Now this isn’t to say that these aspiring hip hop gods that make up One Day can sweep aside the problems faced by hip hop and the wider music industry. Indeed, a lack of gender balance and racial diversity is the major problem. For example, this article was written by an anglo-saxon male about other anglo-saxon males and that shouldn’t be all there is to write about. People of different race and gender can contribute so much more than one group can on their own. Just look at L-Fresh The Lion’s, Like A Version on Triple J recently, a large demographic of young Australians was exposed to a young Punjabi rapper - something that hasn’t really happened before on the station. And without bringing this to tokenism by saying, ‘Oh one different rapper makes us multicultural', it does highlight that there is far more to music than just the predominate anglo-saxon viewpoint.
The status quo of hip hop was also challenged recently when Eso posted a series of photos on Instagram, of which one featured a wax mannequin of Rihanna and him referencing her physical assault by Chris Brown as a joke. It acted as a watershed moment for criticism from outside the hip hop community and inside it with statements from Urthboy:
One of Eso's lyrics is 'hitting that bitch like Chris Brown' and no one made a deal. Can't remember a single mention. We are complicit.— Urthboy (@urthboy) September 3, 2014
Sexism gets a free pass in hip hop. Look no further than the imbalance of gender on stages.

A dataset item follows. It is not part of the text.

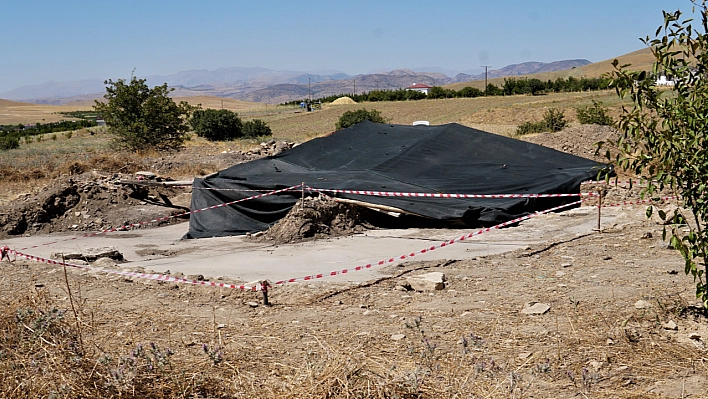 Elazığ'da Keşfedildi, Kazı Çalışmaları Başladı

Not opening up that can for debate.— Urthboy (@urthboy) September 3, 2014
But what can be said is that One Day, representing the Inner West, have issued a statement that the power hip hop of isn’t held amongst a few MCs but it’s in constant flux and that rap crews offer a new sound that hasn’t truly been explored in Australia. And the answer, my friend, is blowin’ in the wind - hopefully you’ll hear it.